KANSAS CITY, Mo. — With another popular concert this weekend as Beyoncé comes into town, experts are once again warning about ticket scams.
The Better Business Bureau of Kansas City said Beyonce’s final show in the Renaissance World Tour has drawn significant interest from fans. After all, the show is sold out and only resale tickets remain on the market.
With high demand comes plenty of scams. The BBB said the Renaissance World Tour, and others of its size, have led to numerous scam reports to the agency.
The BBB said now that stadiums and venues have moved to only digital tickets — like Arrowhead Stadium — it makes the scam risk more likely.
There are countless ways to find tickets these days, from direct ticket retailers, resellers and online marketplaces. But some of them are rip-offs, and the BBB admits it’s not always easy to tell if a ticket is fake.

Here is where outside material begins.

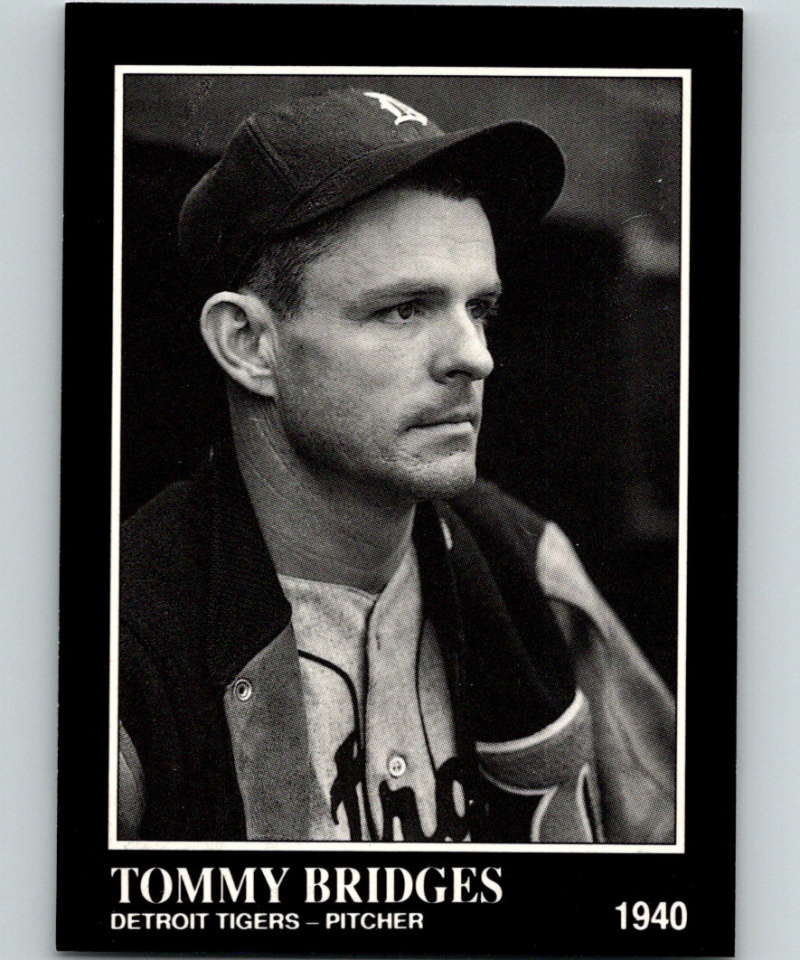 1991 Conlon Collection #180 Tommy Bridges NM Detroit Tigers  Image 1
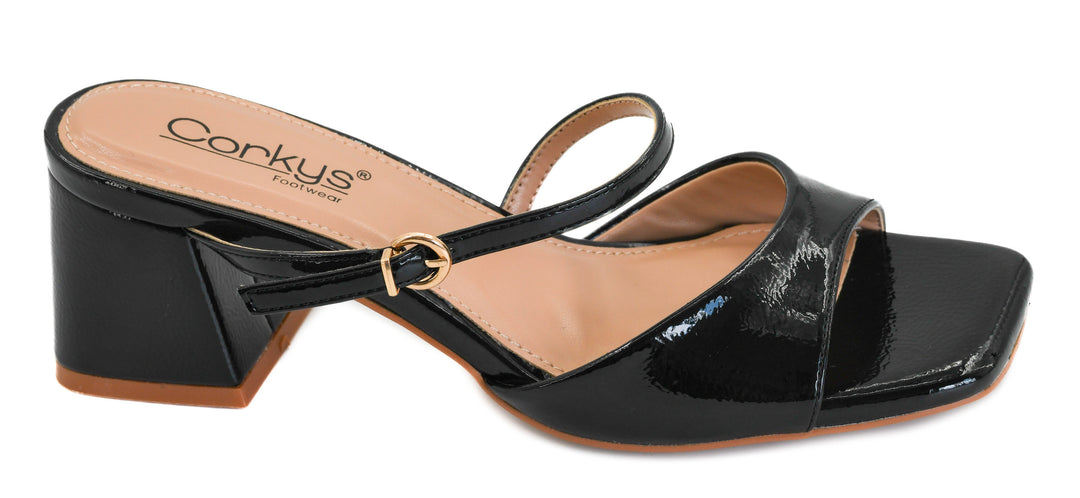SHOE PARTY! Ooh La La Black Patent by Corkys (Ships in 2-3 Weeks)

But there are steps you can take when buy tickets to avoid a scam and protect yourself.
Tips to avoid ticket scams
Here are some tips directly from the Better Business Bureau if you’re still trying to snag tickets to Beyonce’s show — or any other concert, game or event:
- Purchase from the venue whenever possible. Many official ticket sales agents now offer secondary sales options, as well.
- Consider your source. Know the difference between a professional ticket broker (a legitimate and accredited reseller), a ticket scalper (an unregulated and unlicensed ticket seller), and a scammer selling scam tickets.
- Check out the seller/broker. Look them up on BBB.org to learn what other customers have experienced. Check to see if they are a member of the National Association of Ticket Brokers. NATB members offer a 200% purchase guarantee on tickets. Look up the seller on VerifiedTicketSource.com to confirm you are buying from a NATB-member resale company.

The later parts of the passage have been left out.